Activity — Look below for the line that contains "Ethereum encontró soporte", then copy it and each following line exactly, through and including the line that contains "Charts number one: This".

Data for this exercise —
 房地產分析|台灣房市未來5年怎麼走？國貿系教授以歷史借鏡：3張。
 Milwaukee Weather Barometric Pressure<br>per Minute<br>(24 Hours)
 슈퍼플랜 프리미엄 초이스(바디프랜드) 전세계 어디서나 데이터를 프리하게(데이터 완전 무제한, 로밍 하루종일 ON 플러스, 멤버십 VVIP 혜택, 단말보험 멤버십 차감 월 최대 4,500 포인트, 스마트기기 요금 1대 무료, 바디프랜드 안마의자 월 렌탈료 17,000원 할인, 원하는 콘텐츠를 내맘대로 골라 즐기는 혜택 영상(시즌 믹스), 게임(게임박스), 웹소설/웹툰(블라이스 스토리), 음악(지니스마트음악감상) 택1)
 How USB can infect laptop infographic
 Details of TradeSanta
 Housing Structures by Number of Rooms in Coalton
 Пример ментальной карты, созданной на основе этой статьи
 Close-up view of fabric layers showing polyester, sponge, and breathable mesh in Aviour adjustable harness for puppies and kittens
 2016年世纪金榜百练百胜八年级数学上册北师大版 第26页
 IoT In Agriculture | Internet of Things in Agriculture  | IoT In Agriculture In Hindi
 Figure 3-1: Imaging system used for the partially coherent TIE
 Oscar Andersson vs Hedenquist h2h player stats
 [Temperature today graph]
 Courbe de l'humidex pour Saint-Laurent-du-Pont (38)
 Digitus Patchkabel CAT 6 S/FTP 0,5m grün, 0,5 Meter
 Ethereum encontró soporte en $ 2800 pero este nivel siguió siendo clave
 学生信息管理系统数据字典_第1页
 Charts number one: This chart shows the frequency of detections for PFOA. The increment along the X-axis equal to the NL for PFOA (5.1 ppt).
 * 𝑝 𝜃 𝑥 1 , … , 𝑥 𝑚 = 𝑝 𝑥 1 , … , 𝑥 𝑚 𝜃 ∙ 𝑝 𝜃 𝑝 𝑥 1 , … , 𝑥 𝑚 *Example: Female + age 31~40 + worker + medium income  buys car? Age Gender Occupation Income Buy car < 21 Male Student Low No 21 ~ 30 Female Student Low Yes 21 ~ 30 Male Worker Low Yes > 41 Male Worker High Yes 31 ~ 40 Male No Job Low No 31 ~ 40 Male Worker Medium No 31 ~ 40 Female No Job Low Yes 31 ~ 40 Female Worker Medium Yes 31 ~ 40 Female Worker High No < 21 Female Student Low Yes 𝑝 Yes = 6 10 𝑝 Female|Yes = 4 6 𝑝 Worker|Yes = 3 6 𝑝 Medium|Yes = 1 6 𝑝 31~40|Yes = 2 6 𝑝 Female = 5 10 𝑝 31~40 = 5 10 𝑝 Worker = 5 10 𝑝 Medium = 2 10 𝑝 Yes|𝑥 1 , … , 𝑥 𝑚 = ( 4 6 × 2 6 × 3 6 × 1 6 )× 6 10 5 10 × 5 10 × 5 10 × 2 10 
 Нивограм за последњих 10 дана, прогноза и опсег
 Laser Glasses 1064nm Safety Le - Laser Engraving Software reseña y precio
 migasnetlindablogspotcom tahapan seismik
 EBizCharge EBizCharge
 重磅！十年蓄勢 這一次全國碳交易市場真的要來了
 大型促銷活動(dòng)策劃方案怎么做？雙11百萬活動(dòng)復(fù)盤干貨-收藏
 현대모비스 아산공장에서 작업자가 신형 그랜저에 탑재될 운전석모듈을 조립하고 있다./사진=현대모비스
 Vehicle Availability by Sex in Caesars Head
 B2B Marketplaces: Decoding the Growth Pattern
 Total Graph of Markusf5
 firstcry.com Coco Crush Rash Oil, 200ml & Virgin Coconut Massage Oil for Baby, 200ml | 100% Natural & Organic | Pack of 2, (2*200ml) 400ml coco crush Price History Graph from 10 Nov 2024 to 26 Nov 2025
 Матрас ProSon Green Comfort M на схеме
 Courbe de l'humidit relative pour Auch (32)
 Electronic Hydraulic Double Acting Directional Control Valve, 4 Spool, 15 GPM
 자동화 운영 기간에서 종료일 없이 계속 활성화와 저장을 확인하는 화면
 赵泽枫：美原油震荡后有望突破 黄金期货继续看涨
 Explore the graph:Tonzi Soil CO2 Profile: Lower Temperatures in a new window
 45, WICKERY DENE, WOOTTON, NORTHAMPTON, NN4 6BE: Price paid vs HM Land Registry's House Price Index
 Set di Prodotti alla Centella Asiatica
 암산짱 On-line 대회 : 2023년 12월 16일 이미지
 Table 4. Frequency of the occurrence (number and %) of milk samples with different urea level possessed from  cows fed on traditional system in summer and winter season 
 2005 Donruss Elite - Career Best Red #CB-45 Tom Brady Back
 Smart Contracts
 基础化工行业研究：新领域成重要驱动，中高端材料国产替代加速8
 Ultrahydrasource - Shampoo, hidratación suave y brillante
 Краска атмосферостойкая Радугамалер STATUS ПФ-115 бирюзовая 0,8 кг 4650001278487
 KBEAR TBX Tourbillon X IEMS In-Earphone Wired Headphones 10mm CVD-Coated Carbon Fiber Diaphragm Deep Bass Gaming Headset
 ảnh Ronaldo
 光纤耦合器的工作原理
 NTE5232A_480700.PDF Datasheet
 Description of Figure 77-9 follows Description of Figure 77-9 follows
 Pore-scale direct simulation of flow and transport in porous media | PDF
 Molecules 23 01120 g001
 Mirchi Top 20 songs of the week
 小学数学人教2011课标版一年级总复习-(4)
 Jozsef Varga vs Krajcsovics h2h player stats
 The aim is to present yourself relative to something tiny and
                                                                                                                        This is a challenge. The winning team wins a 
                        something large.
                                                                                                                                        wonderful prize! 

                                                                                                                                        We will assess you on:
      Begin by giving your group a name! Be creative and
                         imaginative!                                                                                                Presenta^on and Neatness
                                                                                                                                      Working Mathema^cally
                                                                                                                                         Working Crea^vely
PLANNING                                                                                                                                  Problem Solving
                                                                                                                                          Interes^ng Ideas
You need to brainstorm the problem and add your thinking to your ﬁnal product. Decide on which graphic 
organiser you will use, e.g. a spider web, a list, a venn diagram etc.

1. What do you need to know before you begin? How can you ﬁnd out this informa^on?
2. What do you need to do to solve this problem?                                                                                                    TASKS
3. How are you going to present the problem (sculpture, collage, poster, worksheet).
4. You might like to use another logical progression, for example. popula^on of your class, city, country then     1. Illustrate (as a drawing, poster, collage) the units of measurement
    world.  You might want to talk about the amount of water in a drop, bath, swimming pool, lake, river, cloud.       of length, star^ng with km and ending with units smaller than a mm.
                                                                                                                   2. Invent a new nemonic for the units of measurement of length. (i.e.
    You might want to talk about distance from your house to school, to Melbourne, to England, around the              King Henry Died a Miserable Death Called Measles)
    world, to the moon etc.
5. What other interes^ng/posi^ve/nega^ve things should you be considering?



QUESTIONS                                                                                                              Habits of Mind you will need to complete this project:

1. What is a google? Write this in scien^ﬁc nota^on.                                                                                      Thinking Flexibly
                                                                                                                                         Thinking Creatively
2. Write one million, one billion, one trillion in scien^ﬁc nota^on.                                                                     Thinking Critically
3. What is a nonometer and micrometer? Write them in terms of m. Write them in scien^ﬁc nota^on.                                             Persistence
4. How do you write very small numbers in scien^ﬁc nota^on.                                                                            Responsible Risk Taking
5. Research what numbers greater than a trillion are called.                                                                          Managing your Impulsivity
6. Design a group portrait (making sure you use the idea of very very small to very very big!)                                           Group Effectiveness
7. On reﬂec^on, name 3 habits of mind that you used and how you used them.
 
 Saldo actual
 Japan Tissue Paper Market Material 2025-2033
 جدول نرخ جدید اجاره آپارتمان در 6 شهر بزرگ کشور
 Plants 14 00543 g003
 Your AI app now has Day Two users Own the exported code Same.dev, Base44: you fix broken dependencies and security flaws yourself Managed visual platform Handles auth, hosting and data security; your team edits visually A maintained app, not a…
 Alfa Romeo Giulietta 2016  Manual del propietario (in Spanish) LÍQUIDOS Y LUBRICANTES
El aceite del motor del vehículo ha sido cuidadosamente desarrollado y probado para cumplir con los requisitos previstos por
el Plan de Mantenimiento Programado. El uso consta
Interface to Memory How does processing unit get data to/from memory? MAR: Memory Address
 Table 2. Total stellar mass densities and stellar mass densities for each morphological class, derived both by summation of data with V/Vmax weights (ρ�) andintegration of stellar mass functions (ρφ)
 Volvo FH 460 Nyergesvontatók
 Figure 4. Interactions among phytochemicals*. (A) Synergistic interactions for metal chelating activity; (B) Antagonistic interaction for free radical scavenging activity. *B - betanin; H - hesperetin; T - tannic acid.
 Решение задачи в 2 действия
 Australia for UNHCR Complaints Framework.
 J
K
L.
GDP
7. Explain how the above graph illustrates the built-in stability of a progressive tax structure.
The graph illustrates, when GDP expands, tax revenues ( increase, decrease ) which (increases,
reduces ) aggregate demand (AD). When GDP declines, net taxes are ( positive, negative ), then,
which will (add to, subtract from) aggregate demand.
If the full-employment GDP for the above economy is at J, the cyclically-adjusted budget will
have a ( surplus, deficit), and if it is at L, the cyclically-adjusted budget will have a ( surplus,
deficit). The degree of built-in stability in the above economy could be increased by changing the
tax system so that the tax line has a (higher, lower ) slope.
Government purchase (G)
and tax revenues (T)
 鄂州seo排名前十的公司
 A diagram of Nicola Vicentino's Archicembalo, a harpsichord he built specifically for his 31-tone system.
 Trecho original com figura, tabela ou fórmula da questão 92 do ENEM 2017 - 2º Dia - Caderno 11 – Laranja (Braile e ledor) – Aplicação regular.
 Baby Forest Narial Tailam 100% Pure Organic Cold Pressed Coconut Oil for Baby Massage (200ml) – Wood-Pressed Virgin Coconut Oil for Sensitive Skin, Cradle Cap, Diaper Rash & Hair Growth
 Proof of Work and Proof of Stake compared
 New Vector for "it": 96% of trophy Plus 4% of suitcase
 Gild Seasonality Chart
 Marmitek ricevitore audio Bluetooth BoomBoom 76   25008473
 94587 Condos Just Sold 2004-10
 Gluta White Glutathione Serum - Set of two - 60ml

Result of this exercise —
 Ethereum encontró soporte en $ 2800 pero este nivel siguió siendo clave
 学生信息管理系统数据字典_第1页
 Charts number one: This chart shows the frequency of detections for PFOA. The increment along the X-axis equal to the NL for PFOA (5.1 ppt).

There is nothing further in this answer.